### RECORDED DATA:
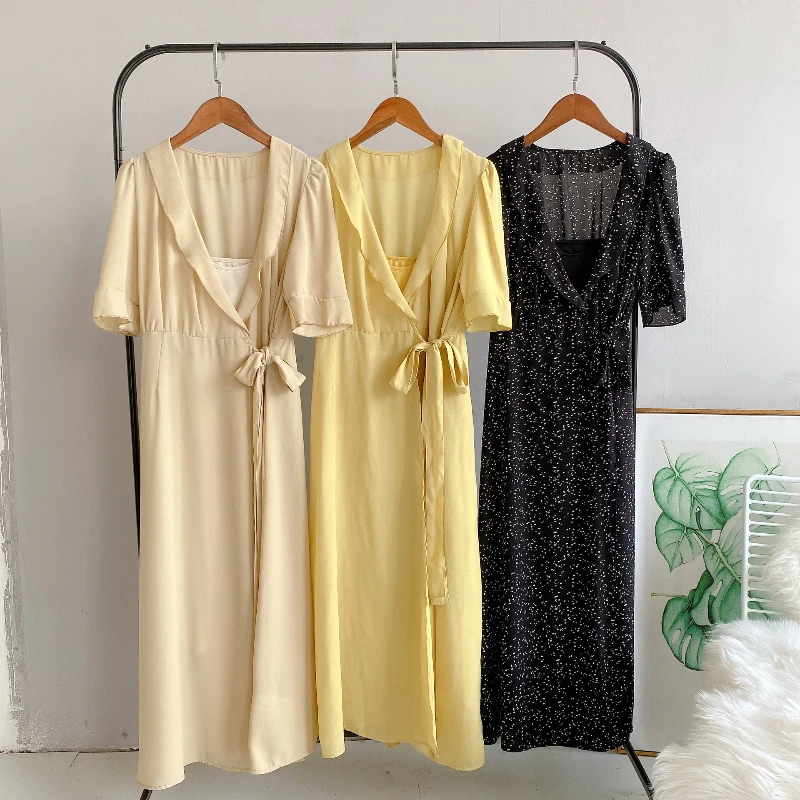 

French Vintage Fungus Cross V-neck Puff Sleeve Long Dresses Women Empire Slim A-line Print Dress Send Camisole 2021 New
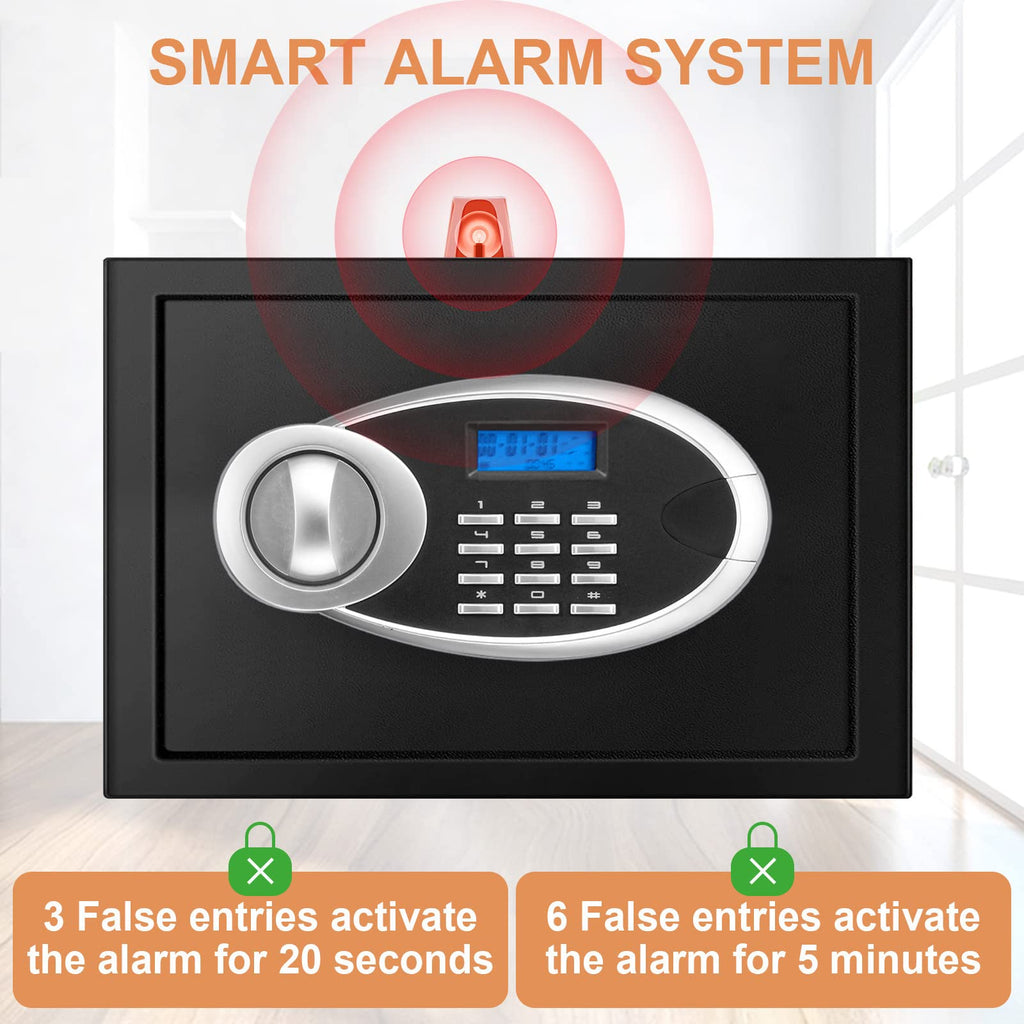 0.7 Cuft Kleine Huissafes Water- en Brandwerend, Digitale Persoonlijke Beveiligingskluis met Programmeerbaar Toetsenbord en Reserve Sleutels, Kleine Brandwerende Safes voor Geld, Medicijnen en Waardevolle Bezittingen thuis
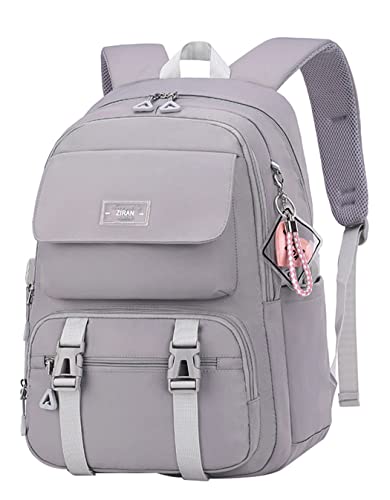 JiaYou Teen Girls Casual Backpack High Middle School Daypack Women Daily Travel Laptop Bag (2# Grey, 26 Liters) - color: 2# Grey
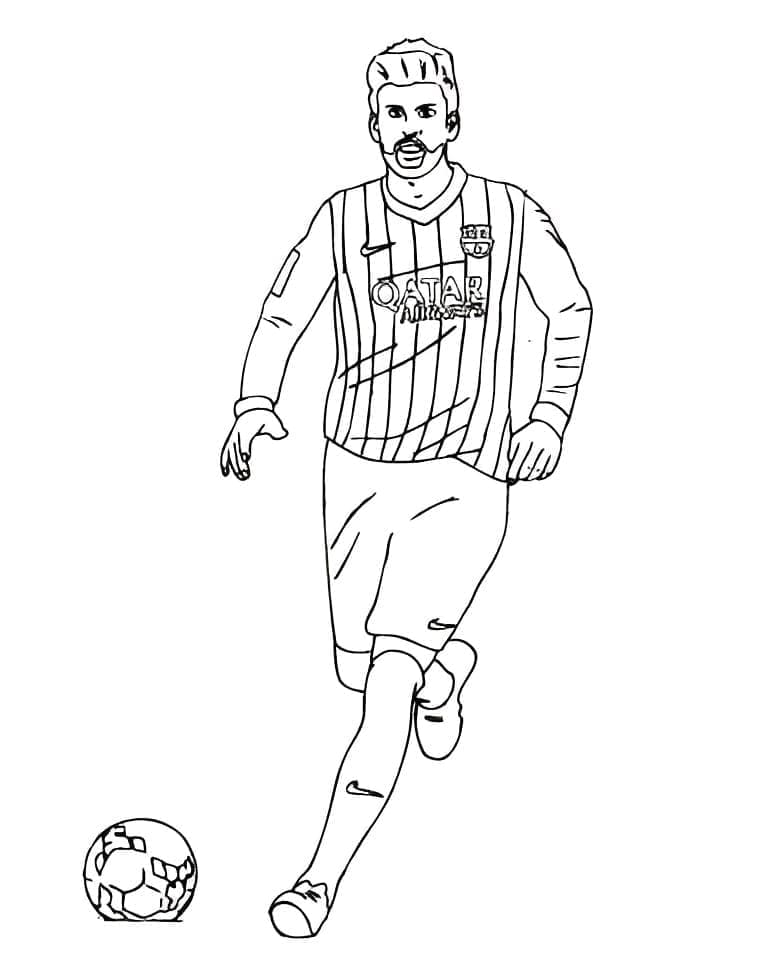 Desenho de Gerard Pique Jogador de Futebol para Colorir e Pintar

### PROBLEM:
Give the preceding data back exactly, minus every picture.

### WRITTEN SOLUTION:
French Vintage Fungus Cross V-neck Puff Sleeve Long Dresses Women Empire Slim A-line Print Dress Send Camisole 2021 New
 0.7 Cuft Kleine Huissafes Water- en Brandwerend, Digitale Persoonlijke Beveiligingskluis met Programmeerbaar Toetsenbord en Reserve Sleutels, Kleine Brandwerende Safes voor Geld, Medicijnen en Waardevolle Bezittingen thuis
 JiaYou Teen Girls Casual Backpack High Middle School Daypack Women Daily Travel Laptop Bag (2# Grey, 26 Liters) - color: 2# Grey
 Desenho de Gerard Pique Jogador de Futebol para Colorir e Pintar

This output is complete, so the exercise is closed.